- Japan’s real GDP growth in the fourth quarter (Q4) of 2017 rose 0.1% quarter to quarter (q/q), or 0.5% q/q annualized. As a result, real GDP growth rose 1.6% for the year 2017, the highest growth since 2013.
- Net exports, the major contributor to the 0.6% q/q rise in the previous quarter, had no contribution to the q/q growth in this quarter’s real GDP, as a solid 2.9% q/q rebound in imports (thanks to improved production and consumer goods, including iPhones) outpaced a 2.4% q/q rise in exports.
- Consumer spending rose 0.5% q/q, thanks largely to rebounds in spending on durable goods and services.
- Private capital expenditure (capex) continued to soften, to 0.7% q/q.
- Nevertheless, the fifth consecutive quarter of increase was thanks to improved capacity utilization driven by exports and also demand for machinery and equipment to counter labor shortages.

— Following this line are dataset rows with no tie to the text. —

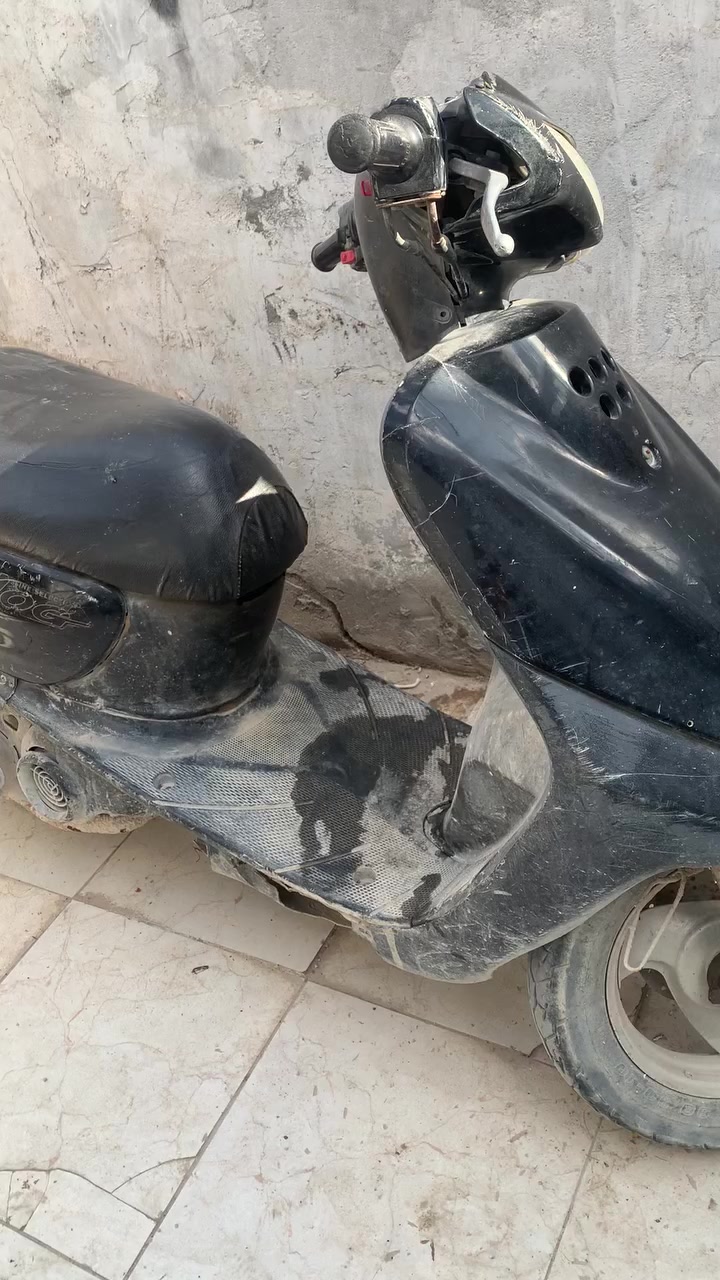 دراجه للبيع مكاني زبير ***********
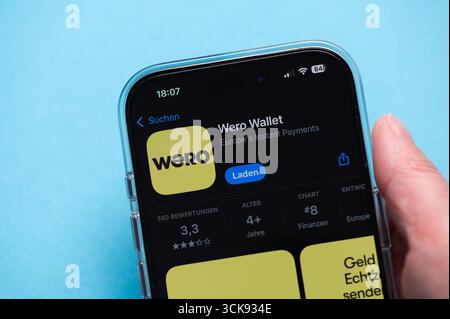 Magonza, Germania - 7 settembre 2025: Lo smartphone mostra il logo dell'applicazione del portafoglio Wero sullo schermo su sfondo blu Foto Stock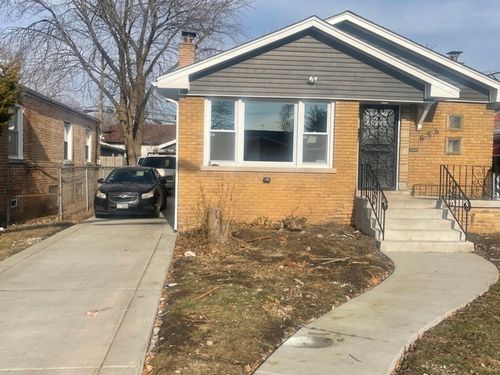 654 W 111th St, Chicago, IL, 60628-4044 | Card Image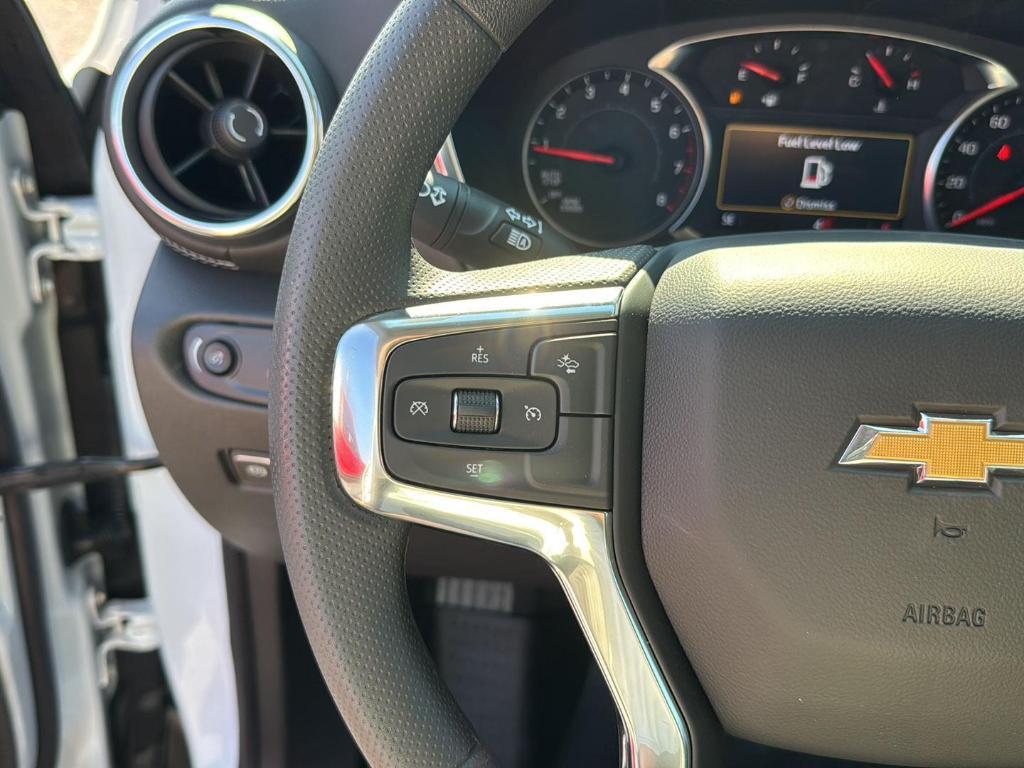 new 2025 Chevrolet Blazer car, priced at $32,780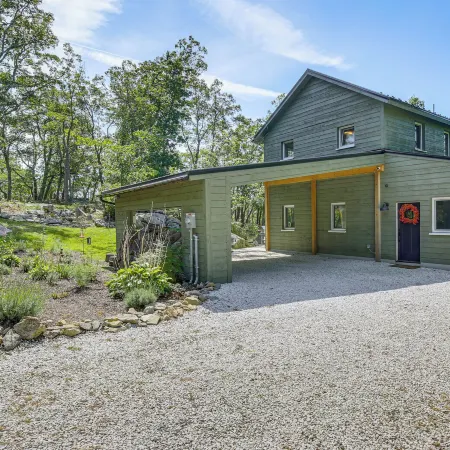 'The Glabin: Garrison Gem w/ Hot Tub & Fire Pit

- These upside factors were partially offset by continued declines in private residential investment and public demand.
IHS Markit Views:
IHS Markit expects growth for Japan’s real GDP to continue over the near term. Consumer demand will probably weaken due to disruption caused by heavy snow, and high fresh food and energy prices in the first quarter of 2018.
The weakness in new housing construction starts and other construction orders suggests continued declines in private residential investment and public works. The slump in private residential investment is likely to extend until front-loaded demand emerges ahead of the planned consumption tax increase set for October 2019. However, the Nikkei Japan PMI, calculated by IHS Markit, signals strengthened business activity and continued brisk external orders over the near term.
Thanks to strengthened outlooks for global economy, external demand is likely to remain robust because of solid external machinery orders, which will support a continued increase in capex.
IHS Markit revised its real GDP growth for 2018 to 1.4%, anticipating softening from 2017 but still above potential growth. However, recent financial turmoil and rapid yen appreciation are concerns.
While the yen’s strengthening could ease inflationary pressure and support purchasing power, corporations could be cautious about wage increase and capex plans for fiscal year 2018, which starts in April 2018.
This could make it harder for the Bank of Japan (BoJ) to reach its target of 2% inflation, but it is unlikely to force the BoJ to change its current monetary policy over the near term. Further strengthening in real GDP growth will need sustained growth in domestic demand.